Neue Verordnung erst am Donnerstag
3G oder Maske?! Chaos um neue Regeln
Wien. Angesichts der nach wie vor hohen Neuinfektionszahlen, sehr vieler Personalausfälle in der kritischen Infrastruktur und Hilferufen aus Spitälern, hat Gesundheitsminister Johannes Rauch nun eine neue Verordnung erlassen, die ab Donnerstag gelten soll. Die sorgt nun aber für neue Verwirrung.

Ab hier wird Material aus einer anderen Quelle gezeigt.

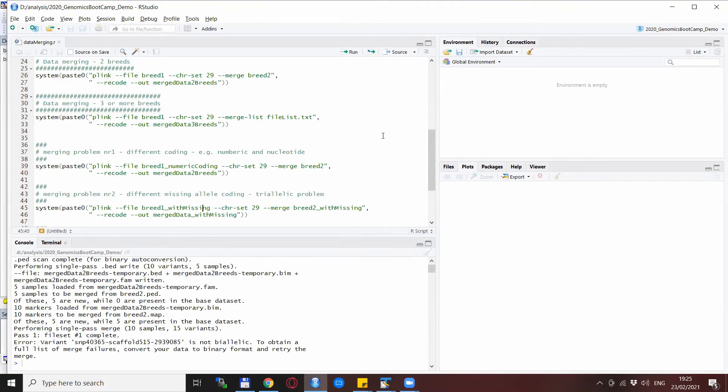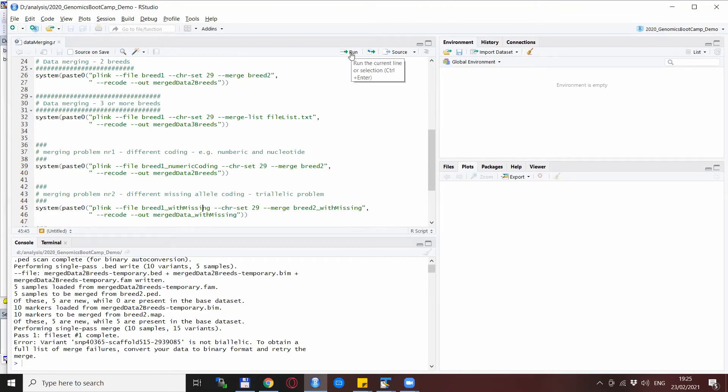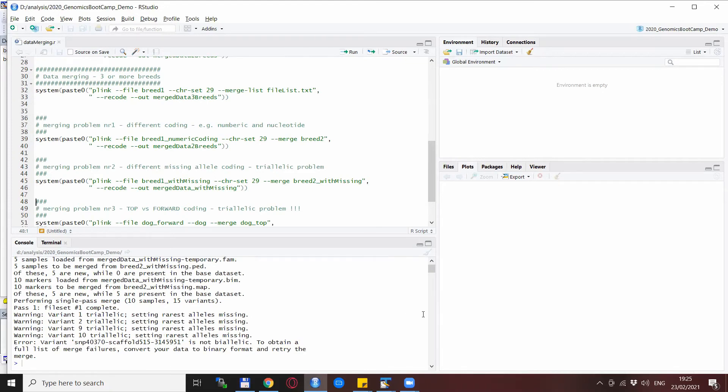So back here in R just to show you what happens. You see that it comes up with a bunch of warning messages and then also an error message that again a SNP is not bi-allelic and with a lot of warnings that there are some tri-allelic SNPs present in your dataset. This is generally a problem so you need to address this and find out why is this happening, and then of course correct it and then run the merging again.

Eigentlich hatte Rauch ja am Freitag angekündigt, dass die FFP2-Pflicht für geschlossene Räume zurückkehren solle. Gestern, um 10.48 Uhr, schickte das Gesundheitsministerium den vorläufigen Entwurf an die Ampel-Kommission, die ihn ihn rechtlich absegnen musste. Die neue Verordnung verdatterte einige Länder. Die Diskussionen dauerten daher am Dienstag bis in den späten Abend. Die Entscheidung wurde auf Mittwoch verschoben. Das heißt: Die Verordnung gilt erst ab Donnerstag. Was durchsickerte:
- Nun heißt es wieder entweder 3G oder FFP2-Maskenpflicht. Wo was gelte – nur in Geschäften des täglichen Bedarfs, in Büros und Öffis bleibt weiterhin die Maskenpflicht, wie sie war –, entscheiden wiederum Betreiber.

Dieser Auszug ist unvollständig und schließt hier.